Now, it's in your interest to see that that party which has the interest of the people at heart is in control of the Government. In order to get that done, on November 2d you should go to the polls and vote a straight Democratic ticket, and then you won't have any trouble.

If you'll do that I won't have any trouble with the housing shortage, which I am going to talk about in Los Angeles tonight.

[7.] BURBANK, CALIFORNIA (4:25 p.m.)

Thank you very much, Mr. Chairman, I appreciate that introduction.

What a crowd! Somebody tells me you are all Democrats!

I have had a wonderful trip across California. I had a grand meeting in San Francisco and Oakland last night, and at nearly every intermediate stop there have been crowds just like this, not quite so large, but everybody in town was out as well as everybody in the surrounding country.
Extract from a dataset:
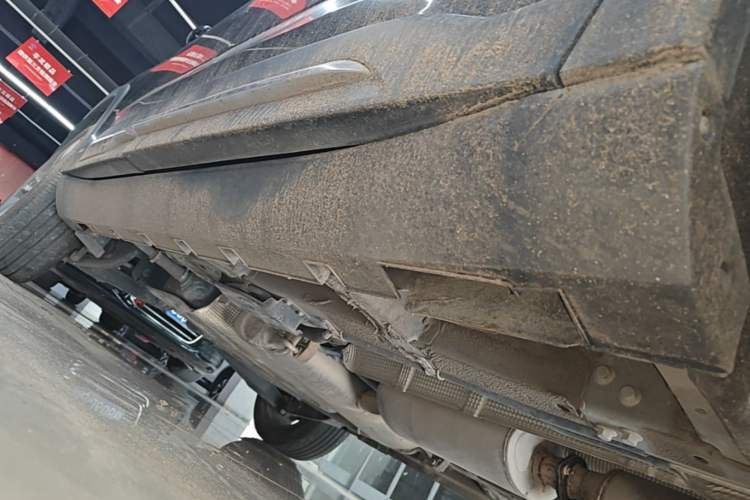 Used Geely Auto Haoyue L 2023 2.0T DCT Prestige Edition Right Side Sill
I think they are interested and anxious to know what the issues in this campaign are, and I am taking the trouble to tell you. Then you are going to have to use your own judgment. You are going to have to use your own judgment on election day, and I am sure you are not going to vote against yourselves, because if you vote a Republican ticket, you will vote against yourselves.

The issues are clearly drawn in this campaign. It is the special interests against the people. The Republican 80th Congress proved conclusively that Republican policy has not changed one bit. They are just as they were in 1920, 1924. 1928, and 1932. They haven't changed a bit.

This Congress tried its level best to turn the clock back, and if I had not been there standing in the way to protect you, they would have been a success in turning the clock way back.

They took a fall out of the farmer. They took a fall out of the laboringman. They took a fall out of business generally for the benefit of just a few.

Now, I want you to study these issues. I want you to study them carefully, and not do like you did in 1946. Two-thirds of you stayed at home and did not vote in 1946, and a third of you voted to elect this terrible 80th Congress; and see what you got.

Now, if you stay at home this time you will get just what you deserve. I don't think you are going to do it--I don't think you are going to do it!

I am urging you with everything I have to go to the polls on election day, November 2d--I hope you all get registered today-and vote the Democratic ticket straight, and then the country will be safe for another 4 years.

Thank you very much.

Note: In the course of his remarks on September 23 the President referred to Cecil F. White, Democratic candidate for Representative from the Ninth District of California, Robert Mathias, winner of the Decathlon in the 1948 Olympic Games, Harold E. Stassen, former Governor of Minnesota, and Charles F. Brannan, Secretary of Agriculture.